Cucurbit[n]urils as a Host Moiety

Cucurbiturils are methylene-linked macrocyclic molecules having glycoluril unit [=C₄H₂N₄O₂=] as a building block. This repeating glycoluril unit can bind with hydrogen with sufficient amount of binding energy. Thus CB[n] can be designed as an effective hydrogen storage compound. The nitrogen and the oxygen centers are found to be the most active centers to bind with hydrogen with positive binding energy. It was found that (CH₃)₂C₄H₂N₄O₂(CH₃)₂ unit can interact with total 13H₂ atoms (Pan et al., 2013a). Since hydrogen has an electric quadrupole moment, a charge–quadrupole interaction plays a pivotal role in binding the hydrogen with the host. NPA charge analysis reveals that the charge transfer occurs from the N and O centers to the $σ$ * orbital of $H_{2}$ molecule.

Among the CB[n] family, CB[7] can accommodate five H₂ molecules endohedrally. The O centers can adsorb a total of 28 $H_{2}$ molecules (two per O atom) and 19 H₂ molecules get adsorbed at the N centers exohedrally, making it a total of 52 hydrogen molecules. The binding energy and adsorption enthalpy are positive and negative, respectively, indicating CB[7] to be a potentially promising H₂ storage material. The gravimetric wt% of hydrogen for the CB[7] adsorbing 52 H₂ molecules comes out to be 8.3 with an average binding energy of 7.8 kJ mol⁻¹. These values are very encouraging when compared with various other potential hydrogen storage materials such as α-cyclodextrin (Zhu et al., 2010), COFs (Klontzas et al., 2008; Li et al., 2010), MOFs (Bhatia and Myers, 2006; Vitillo et al., 2008), Li-doped nanotubes (Wu et al., 2008), and polyacetylenes (Li and Jena, 2008), with average binding energies ranging within 5–8 kJ mol⁻¹.

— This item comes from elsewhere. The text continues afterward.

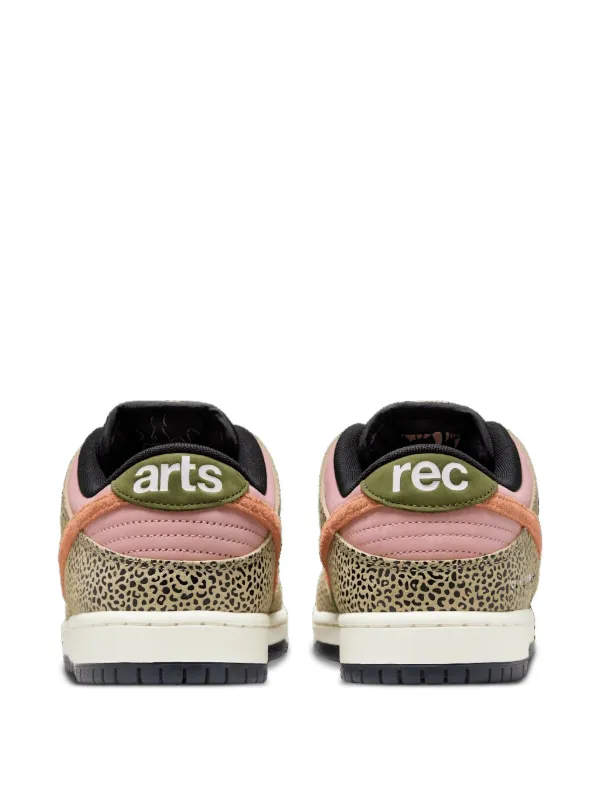 Nike SB Dunk Low “Arts-Rec” スニーカー | ニュートラル | FARFETCH JP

The endohedral adsorption of gas molecules such as C₂H₂, C₂H₄, C₂H₆, CH₄, CO, CO₂, NO₂, NO, N₂, H₂, F₂, Cl₂, H₂S, and SO₂ into the CB[7] cavitand is depicted in Figure 7. Geometry optimizations are performed at the ωB97X-D/6-31G(d,p) and ωB97XD/6-311+G(d,p) levels (Pan et al., 2017). Both the CB[7] cage and the encapsulated gas molecules remain unaffected by the encapsulation. For SO₂ encapsulation, the binding enthalpy shows the highest value (14.3 kcal mol⁻¹) followed by Cl₂ and C₂H₂ (11.6 and 10.4 kcal mol⁻¹, respectively). CB[7] also encapsulates C₂H₄ and C₂H₆ more favorably than CO₂, NO₂, and H₂S. The binding enthalpies for NO/F₂/N₂/CO/CH₄@CB[7] systems vary from 4.7 to 5.8 kcal mol⁻¹, the highest value corresponding to CH₄. From the enthalpy values it is clear that CB[7] can selectively adsorb SO₂ among various gas molecules, and hence can be applicable in the SO₂ separation process from gas mixtures. ∆G value suggests that C₂H₆ is less prone to be encapsulated than CO₂ inside CB[7]. SO₂, Cl₂, and C₂H₂ adsorb with negative ΔG values, whereas those of C₂H₄ and CO₂ are slightly endergonic (0.6–0.7 kcal mol⁻¹). The corresponding ΔG values for the adsorption of C₂H₆, N₂, F₂, NO₂, NO, and H₂S vary within 1.3–2.8 kcal mol⁻¹ at 298 K temperature. EDA results show that for all the discussed complexes, ∆E_disp contributes more toward the stabilization of the host–guest systems. ∆E_elstat term also plays an important role here. In the hydrocarbons, as the number of H atoms increases, ∆E_elstat decreases gradually due to the reduction in the acidic character of the H atoms. Higher ∆E_elstat and lower ∆E_pauli values in the SO₂ encapsulated complex make the interaction between the host and the guest stronger than for C₂H₄ and C₂H₆ analogues. This again validates the higher SO₂ selectivity of CB[7].

FIGURE 7

FIGURE 7. Optimized geometries of the guest encapsulated CB[7] systems at the ωB97X-D/6-311+G(d,p) level of theory. (Reproduced from Pan et al., 2017 with permission from the PCCP Owner Societies.).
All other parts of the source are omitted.